AnneMarie and Andrew

Annemarie and Andrew – Trekking Asia

Tuol Genocide Museum and Killing Fields – an overview

We took a Tuk Tuk ride to The Killing Fields about 15km from the heart of Phnom Penh. The Killing Fields are mass graves, of which there are many spread around the country. Genocide was committed by the Khmer Rouge whose leader was Pol Pot. This man’s paranoia led to the deaths of 3million and yet he died a natural death at the age of 82. Under this man’s leadership the Khmer Rouge abolished money, closed schools and sent everyone to the countryside, in order to create a pure race. Upon his ‘liberation’ of Phnom Penh the Khmer Rouge almost instantly began killed the impure people such as the intellectuals, the professionals, the educated.

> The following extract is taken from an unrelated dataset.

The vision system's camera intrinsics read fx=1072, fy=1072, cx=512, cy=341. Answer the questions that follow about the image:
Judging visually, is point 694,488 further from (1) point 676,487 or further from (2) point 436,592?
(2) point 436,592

He recruited the ignorant, those who could not read and write, mainly boys aged 14-22 who became the guards and the murderers of their fellow people. Others starved as grain was sold for weapons. Towns and all those who lived in them were destroyed as they were capitalist. Phnom Penh was a ghost town until 1985. This regime was recognised by the UN and even after their downfall the West dared not help as the country was seen as a puppet of Vietnam.

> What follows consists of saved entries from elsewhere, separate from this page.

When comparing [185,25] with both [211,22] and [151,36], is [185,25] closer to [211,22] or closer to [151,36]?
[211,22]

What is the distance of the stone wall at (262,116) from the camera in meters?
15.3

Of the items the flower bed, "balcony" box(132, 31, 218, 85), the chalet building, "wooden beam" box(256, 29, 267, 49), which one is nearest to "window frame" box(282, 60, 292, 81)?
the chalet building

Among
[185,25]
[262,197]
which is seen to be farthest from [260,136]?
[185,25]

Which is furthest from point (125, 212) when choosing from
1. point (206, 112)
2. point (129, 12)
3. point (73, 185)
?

As we learnt about this history we were walking around an area full of mass graves. Men, woman and children were killed because Pol Pot said you must kill the root for fear of reprisals should the family survive. Although the Killing Fields are not much more than a field at times you see rags of clothes and human bones poking through the soil and so it becomes living history. It is still raw for the people that survived. It is raw in the sense that it has not been sanitised for the tourists. At the genocide museum there are blood stains on the floor from the 20,000 victims. The row upon row of eyes which stare at you in what were the cells make you reflect that this happened and it wasn’t that long ago. At the Killing Fields the audio guide played the Patriotic songs and the sound of the diesel engine which were used to cover up the screams. They tell it as it was.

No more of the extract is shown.